## Action item
Each line in the material below, starting at the one that contains "将图片加载到图库查看器,6pcs/set Handmade Bracelets" and ending at the one that contains "Metall-Eiswürfel Wiedergefrierbare Metall-Fussball-Kühlsteine", should be repeated exactly; the pictures should not.

## Data supplied
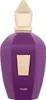 A studio shot of a purple perfume bottle with a gold cap and emblem. Voir les images du produit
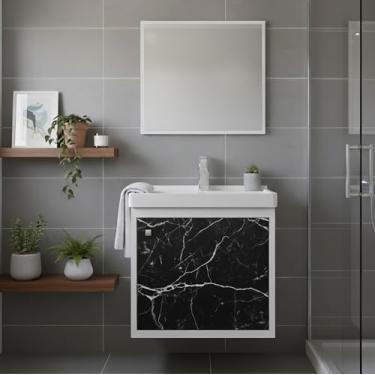 Imagem de Kit Armário para Banheiro 40cm MDF com Cuba + Espelheira - Veneto (Preto)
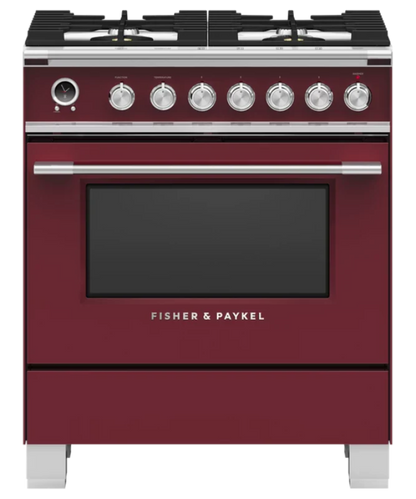 Fisher Paykel 30" Series 9 Classic 4 Burner Dual Fuel Self-Cleaning Range Red - OR30SCG6R1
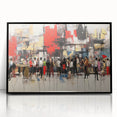 Framed abstract figurative wall art design with vibrant colors and unique shapes, showcasing an acrylic finish in a sleek black frame.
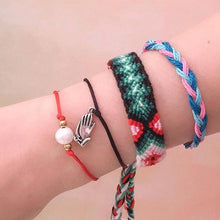 将图片加载到图库查看器,6pcs/set Handmade Bracelets Braided Red Black Rope 7 Knots Lucky Jewelry Friendship Protection Bracelet Red Comfortable Bracelet Small Eye Bracelet For Kids
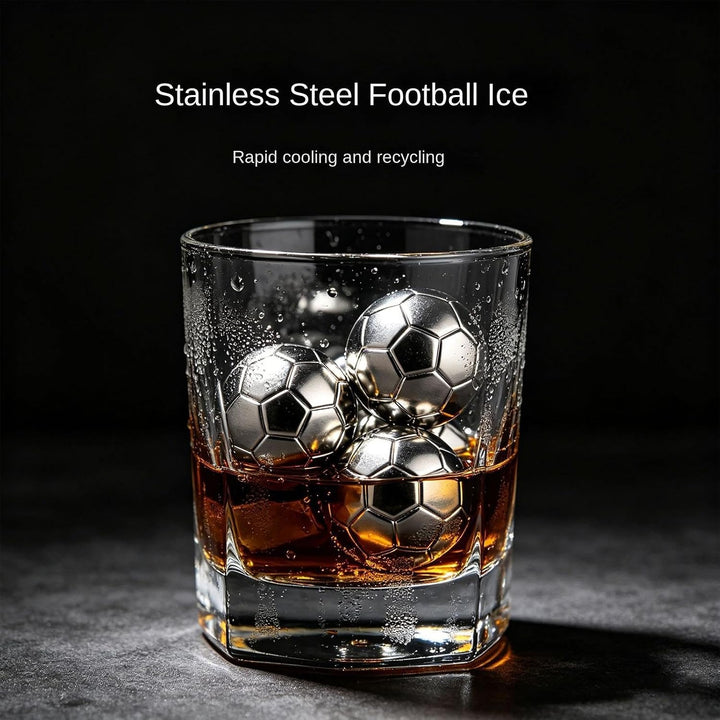 Metall-Eiswürfel Wiedergefrierbare Metall-Fussball-Kühlsteine 4 Stück | Eiswürfelsteine Aus Stahl Fü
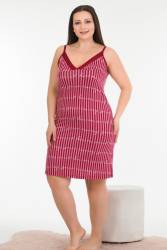 Kadın Askılı Büyük Beden Gecelik, viskon kumaş - Thumbnail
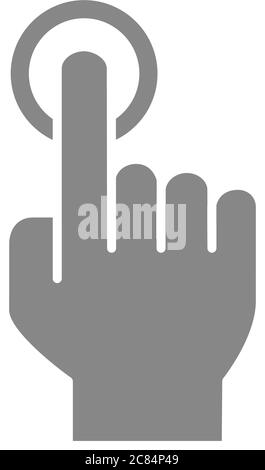Click with one finger grey icon. Cursor pointer, touch screen hand ...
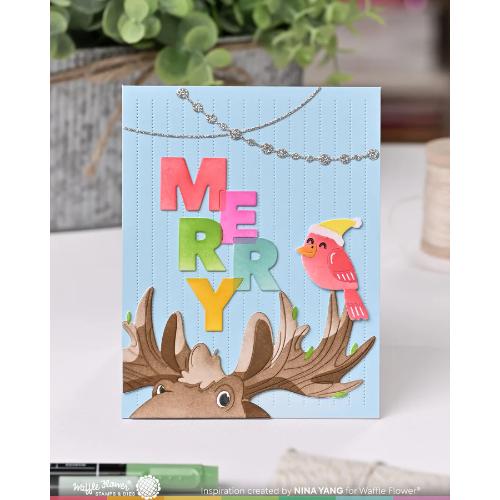 Waffle Flower - Overlapping Vertical Merry Word Die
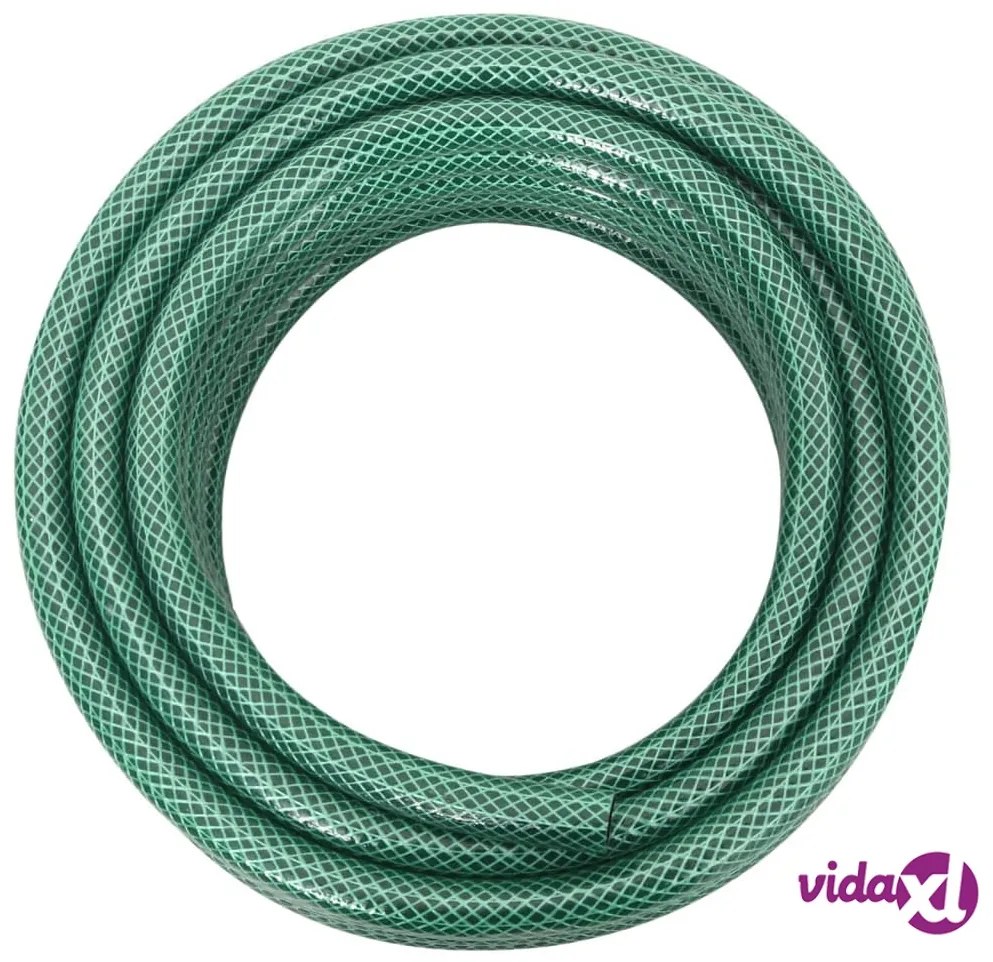 vidaXL Set Tubo da Giardino con Raccordi Verde 0,6" 30 m in PVC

## Solved exercise
 将图片加载到图库查看器,6pcs/set Handmade Bracelets Braided Red Black Rope 7 Knots Lucky Jewelry Friendship Protection Bracelet Red Comfortable Bracelet Small Eye Bracelet For Kids
 Metall-Eiswürfel Wiedergefrierbare Metall-Fussball-Kühlsteine 4 Stück | Eiswürfelsteine Aus Stahl Fü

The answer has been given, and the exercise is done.